Much to the chagrin of FiO attendees, Tuesday morning started with gusty winds and rain. I and my friend had moved to a hotel 1 mile away from the conference venue. Deciding the best way to reach the venue in the down-pour took time and we missed Ramesh Raskar’s talk on computational photography :(

After finally making to the venue, I attended talks related to computational photography and microscopy, phase-space analysis and phase-retrieval. The trend I am likely to continue for the rest of the two days. There were quite a few I had to miss due to overlap. FiO is a great place to gather ideas from diverse backgrounds. I attended talks from computer scientists designing new computational photography methods, optical microscopists designing computational microscopy methods based on SLM, mathematicians pondering at basics of compressive sensing and phase-space analysis, and astronomers trying to retrieve phase-information about medium between earth and heavenly bodies. Such a mix has to be hard to find elsewhere.

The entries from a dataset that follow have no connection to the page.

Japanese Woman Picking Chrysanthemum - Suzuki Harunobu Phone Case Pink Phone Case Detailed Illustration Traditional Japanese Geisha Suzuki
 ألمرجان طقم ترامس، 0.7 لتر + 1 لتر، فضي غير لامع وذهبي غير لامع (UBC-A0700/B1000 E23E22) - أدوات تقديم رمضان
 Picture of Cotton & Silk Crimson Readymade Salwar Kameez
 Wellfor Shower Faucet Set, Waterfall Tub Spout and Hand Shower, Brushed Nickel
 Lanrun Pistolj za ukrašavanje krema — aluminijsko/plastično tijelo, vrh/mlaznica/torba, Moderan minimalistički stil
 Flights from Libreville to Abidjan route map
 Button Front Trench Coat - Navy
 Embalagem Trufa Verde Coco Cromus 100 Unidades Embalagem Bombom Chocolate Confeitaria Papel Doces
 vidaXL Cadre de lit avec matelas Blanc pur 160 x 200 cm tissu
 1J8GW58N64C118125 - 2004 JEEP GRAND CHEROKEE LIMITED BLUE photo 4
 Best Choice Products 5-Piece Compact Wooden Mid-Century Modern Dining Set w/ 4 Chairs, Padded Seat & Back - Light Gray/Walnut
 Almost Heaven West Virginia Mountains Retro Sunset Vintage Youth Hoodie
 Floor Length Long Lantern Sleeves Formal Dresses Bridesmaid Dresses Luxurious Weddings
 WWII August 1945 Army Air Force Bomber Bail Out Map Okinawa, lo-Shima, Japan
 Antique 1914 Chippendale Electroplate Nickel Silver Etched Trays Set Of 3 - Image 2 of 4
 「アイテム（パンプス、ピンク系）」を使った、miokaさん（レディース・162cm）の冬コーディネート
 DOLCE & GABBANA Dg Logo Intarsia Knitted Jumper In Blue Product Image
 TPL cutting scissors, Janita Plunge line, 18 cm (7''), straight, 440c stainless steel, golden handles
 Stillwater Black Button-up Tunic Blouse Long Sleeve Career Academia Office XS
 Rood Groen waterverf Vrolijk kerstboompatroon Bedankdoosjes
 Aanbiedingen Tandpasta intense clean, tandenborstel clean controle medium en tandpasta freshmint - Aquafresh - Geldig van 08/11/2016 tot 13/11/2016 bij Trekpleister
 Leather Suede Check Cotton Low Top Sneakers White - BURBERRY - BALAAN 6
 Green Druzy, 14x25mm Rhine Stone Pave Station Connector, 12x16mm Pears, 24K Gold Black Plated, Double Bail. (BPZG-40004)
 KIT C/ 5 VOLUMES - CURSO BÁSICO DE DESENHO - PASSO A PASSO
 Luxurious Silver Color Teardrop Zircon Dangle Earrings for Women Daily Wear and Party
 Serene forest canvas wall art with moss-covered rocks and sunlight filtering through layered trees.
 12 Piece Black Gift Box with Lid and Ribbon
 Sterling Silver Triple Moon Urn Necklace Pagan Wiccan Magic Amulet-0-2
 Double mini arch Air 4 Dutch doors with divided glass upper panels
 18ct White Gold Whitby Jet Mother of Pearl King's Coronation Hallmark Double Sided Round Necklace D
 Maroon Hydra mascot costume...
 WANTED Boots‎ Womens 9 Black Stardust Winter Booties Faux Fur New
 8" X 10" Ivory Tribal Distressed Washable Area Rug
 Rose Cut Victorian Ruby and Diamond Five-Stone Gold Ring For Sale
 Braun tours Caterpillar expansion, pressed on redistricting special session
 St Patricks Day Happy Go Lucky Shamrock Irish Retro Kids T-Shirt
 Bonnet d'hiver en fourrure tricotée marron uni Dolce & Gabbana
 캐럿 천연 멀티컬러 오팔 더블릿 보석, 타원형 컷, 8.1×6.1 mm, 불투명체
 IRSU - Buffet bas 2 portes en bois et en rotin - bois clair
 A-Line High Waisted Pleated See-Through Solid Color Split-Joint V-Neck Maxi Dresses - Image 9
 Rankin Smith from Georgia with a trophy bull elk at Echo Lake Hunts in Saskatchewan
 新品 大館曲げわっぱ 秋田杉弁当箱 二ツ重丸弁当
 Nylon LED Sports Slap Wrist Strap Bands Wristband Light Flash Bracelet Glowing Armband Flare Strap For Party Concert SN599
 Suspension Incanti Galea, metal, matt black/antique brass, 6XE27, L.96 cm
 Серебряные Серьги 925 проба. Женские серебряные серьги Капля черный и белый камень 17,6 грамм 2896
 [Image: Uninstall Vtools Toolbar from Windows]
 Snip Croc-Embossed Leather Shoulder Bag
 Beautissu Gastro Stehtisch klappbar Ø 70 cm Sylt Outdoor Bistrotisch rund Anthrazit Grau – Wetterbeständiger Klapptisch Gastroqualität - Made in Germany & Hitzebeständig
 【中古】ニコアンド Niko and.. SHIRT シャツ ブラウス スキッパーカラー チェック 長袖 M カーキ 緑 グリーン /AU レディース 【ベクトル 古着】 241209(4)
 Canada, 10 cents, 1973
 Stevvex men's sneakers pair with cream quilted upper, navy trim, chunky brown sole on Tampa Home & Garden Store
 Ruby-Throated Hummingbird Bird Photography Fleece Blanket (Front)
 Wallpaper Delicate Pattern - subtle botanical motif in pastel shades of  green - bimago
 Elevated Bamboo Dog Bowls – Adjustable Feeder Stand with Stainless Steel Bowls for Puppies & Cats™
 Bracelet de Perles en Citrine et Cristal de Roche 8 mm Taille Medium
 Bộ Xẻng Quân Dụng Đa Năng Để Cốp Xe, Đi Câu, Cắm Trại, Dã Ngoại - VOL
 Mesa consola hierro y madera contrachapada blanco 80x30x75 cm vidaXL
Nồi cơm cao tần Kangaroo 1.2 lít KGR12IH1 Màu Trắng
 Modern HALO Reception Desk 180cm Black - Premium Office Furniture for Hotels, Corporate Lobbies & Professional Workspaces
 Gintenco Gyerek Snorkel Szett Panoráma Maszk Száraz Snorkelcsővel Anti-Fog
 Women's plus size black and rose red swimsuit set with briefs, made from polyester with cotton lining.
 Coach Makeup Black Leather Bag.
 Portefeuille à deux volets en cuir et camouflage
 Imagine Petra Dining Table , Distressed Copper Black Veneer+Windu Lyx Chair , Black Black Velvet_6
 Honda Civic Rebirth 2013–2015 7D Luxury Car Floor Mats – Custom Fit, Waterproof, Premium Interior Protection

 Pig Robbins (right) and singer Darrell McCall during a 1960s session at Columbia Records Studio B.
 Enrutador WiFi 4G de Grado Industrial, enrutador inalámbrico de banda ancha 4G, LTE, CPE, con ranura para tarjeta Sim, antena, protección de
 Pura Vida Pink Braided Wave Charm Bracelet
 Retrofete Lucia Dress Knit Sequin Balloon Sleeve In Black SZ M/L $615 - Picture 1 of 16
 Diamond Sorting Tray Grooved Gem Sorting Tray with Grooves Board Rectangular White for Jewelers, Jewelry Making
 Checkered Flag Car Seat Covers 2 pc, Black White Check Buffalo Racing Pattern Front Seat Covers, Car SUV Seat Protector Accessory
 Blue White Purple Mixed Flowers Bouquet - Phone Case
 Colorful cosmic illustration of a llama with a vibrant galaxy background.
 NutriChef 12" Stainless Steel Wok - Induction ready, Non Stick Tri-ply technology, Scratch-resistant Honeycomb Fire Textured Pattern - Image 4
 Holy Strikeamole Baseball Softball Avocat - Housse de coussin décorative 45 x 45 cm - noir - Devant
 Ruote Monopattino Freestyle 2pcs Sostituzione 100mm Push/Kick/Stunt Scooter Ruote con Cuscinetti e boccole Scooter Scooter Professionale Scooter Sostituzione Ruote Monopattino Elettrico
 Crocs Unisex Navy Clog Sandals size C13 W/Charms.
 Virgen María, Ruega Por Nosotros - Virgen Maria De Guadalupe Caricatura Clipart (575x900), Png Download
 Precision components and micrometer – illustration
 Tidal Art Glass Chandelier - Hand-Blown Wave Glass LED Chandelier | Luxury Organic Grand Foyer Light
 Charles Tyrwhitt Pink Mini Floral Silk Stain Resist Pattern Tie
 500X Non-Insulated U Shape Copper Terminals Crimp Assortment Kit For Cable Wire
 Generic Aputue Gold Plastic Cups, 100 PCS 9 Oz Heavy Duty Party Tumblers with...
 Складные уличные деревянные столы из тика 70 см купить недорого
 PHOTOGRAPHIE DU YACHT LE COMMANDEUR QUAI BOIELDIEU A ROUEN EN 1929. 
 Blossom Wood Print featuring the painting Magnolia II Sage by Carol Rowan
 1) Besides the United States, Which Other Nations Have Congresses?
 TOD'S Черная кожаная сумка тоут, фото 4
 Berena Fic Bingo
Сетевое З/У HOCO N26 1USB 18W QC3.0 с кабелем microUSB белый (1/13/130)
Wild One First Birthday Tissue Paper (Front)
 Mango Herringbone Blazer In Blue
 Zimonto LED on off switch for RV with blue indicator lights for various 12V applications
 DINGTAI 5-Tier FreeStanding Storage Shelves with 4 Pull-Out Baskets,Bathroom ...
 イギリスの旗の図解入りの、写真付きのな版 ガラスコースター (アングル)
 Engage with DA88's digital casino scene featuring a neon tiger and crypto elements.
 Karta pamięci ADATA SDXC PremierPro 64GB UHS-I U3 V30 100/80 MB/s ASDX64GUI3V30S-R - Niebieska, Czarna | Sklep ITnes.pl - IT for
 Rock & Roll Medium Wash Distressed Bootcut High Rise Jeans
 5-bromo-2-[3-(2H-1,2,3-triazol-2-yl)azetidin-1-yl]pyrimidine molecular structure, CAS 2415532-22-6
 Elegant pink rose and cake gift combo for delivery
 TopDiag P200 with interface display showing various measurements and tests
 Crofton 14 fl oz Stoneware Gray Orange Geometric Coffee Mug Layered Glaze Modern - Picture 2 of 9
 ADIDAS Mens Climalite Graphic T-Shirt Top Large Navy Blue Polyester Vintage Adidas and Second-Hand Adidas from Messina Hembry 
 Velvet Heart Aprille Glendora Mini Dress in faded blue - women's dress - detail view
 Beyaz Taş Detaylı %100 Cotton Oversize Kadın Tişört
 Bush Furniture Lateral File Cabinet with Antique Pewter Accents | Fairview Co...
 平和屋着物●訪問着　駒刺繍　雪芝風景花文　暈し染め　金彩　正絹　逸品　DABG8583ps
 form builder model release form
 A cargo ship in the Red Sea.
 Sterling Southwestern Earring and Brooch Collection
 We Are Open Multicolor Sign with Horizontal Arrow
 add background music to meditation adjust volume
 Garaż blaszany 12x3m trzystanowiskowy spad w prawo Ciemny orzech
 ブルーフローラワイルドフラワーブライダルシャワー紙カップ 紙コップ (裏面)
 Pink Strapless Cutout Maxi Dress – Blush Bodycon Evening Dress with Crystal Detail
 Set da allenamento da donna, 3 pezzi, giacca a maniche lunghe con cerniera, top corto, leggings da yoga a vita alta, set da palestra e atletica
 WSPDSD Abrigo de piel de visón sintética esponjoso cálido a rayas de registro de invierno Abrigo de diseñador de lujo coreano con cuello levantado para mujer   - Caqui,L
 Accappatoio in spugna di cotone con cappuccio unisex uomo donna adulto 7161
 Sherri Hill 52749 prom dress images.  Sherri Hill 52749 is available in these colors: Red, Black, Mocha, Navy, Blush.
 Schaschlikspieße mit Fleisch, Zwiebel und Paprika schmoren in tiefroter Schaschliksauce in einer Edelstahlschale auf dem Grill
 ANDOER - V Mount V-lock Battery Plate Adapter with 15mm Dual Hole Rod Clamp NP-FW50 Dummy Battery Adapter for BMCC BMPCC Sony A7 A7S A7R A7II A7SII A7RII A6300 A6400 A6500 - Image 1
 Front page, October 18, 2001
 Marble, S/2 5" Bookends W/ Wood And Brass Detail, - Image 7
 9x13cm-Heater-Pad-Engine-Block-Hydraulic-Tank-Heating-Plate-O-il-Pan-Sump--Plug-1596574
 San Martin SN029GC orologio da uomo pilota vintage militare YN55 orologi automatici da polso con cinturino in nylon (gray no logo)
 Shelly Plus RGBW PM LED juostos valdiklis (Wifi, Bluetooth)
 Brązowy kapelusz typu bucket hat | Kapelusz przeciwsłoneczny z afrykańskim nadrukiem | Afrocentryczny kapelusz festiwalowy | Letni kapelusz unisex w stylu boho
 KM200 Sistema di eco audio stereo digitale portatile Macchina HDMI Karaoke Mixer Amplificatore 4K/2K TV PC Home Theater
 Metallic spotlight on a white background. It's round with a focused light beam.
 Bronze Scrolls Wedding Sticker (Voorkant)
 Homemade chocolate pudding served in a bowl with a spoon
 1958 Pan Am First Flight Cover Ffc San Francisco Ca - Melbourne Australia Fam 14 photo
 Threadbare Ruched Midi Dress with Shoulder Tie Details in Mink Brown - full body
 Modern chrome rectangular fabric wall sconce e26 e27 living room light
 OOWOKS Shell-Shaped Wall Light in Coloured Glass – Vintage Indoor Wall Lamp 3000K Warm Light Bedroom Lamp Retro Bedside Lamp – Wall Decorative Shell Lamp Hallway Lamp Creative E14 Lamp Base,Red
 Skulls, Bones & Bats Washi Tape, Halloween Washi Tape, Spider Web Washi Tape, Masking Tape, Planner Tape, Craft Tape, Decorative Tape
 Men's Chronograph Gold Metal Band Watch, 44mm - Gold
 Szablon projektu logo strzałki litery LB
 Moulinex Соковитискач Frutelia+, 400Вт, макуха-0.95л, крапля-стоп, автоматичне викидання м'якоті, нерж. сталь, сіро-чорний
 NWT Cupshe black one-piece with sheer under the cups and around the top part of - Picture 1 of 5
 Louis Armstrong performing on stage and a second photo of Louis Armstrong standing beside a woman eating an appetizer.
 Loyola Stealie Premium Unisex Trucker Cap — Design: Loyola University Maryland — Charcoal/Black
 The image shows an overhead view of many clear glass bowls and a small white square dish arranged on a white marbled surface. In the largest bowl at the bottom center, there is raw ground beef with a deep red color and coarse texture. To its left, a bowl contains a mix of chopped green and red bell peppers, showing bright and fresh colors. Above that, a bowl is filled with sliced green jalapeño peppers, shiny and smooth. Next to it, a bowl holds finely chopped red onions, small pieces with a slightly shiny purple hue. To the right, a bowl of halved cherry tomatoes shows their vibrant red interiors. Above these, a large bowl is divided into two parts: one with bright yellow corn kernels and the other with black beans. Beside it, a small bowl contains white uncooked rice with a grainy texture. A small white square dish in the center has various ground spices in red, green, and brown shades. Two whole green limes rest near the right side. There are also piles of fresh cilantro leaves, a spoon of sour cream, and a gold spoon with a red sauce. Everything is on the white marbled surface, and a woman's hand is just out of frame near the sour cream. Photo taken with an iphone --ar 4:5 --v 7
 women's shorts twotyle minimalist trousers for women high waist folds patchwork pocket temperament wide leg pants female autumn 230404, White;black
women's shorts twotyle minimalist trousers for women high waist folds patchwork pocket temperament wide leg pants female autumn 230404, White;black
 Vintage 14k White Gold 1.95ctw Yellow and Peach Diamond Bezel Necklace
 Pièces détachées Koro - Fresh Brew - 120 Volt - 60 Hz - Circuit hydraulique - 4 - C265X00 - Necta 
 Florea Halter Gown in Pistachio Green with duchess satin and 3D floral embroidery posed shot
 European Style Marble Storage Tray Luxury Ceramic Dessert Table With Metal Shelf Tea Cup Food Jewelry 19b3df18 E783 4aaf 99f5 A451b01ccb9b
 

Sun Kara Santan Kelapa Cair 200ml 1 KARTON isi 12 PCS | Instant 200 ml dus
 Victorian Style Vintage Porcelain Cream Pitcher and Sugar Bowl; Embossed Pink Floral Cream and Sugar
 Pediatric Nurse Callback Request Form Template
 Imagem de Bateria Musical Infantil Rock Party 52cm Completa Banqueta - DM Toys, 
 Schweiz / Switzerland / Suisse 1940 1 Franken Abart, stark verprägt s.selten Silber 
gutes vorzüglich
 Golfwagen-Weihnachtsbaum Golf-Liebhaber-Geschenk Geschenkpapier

It is interesting to ponder upon how these fields are inter-related: Computational microscopy and photography methods solve problems that are hard to solve with the traditional scheme of ‘acquire first and process later’. Some of these techniques benefit from acquiring light-fields rather than images. Light-field is the distribution of intensity along space and angle and as we know an image is the distribution of intensity only along space. This notion makes it attractive for researchers in computational work to adopt phase-space analysis, which in effect describes optical phenomena in space and angle dimensions. Even though physical acquisition of light-fields may not be involved, there are problems where computation in phase-space *enables* processing tasks that cannot be performed otherwise. After one has acquired non-image but information-rich light-field (or other representation), one is faced with the task of recovering useful information. This is where reconstructions in computational methods and traditional phase-retrieval approaches from optics have parallels.

Let me note just one example from each field that illustrates above connections. These examples were picked because I relatively understood these ideas better than the others.

In the morning session, Fredo Durand (session: CTuB1), a computer scientist from MIT, gave an interesting talk about how one can think of variation of intensities in space and time in terms of light-fields. He took an example of deblurring one dimensional motion, which could be deblurred by imposing parabolic motion on the camera itself.

Immediately following that talk was the talk by Markus Testorf (CTuB2) in which he described how phase-space analysis can be used in design of computational imaging systems. He revived a notion of ‘The instrument function’ which describes what region of phase-space is acquired by an instrument.

In the afternoon was the talk by Monica Ritsch-Marte (FTuU1), in which she described several ways in which a spatial light modulator can be used in microscopic systems to design novel contrasts and to achieve phase-retrieval. Determining patterns that should be put on SLM to achieve certain point spread function of the imaging system and carrying out phase-retrieval requires use of algorithms developed in astronomy (e.g., Gerchberg – Saxton algorithm).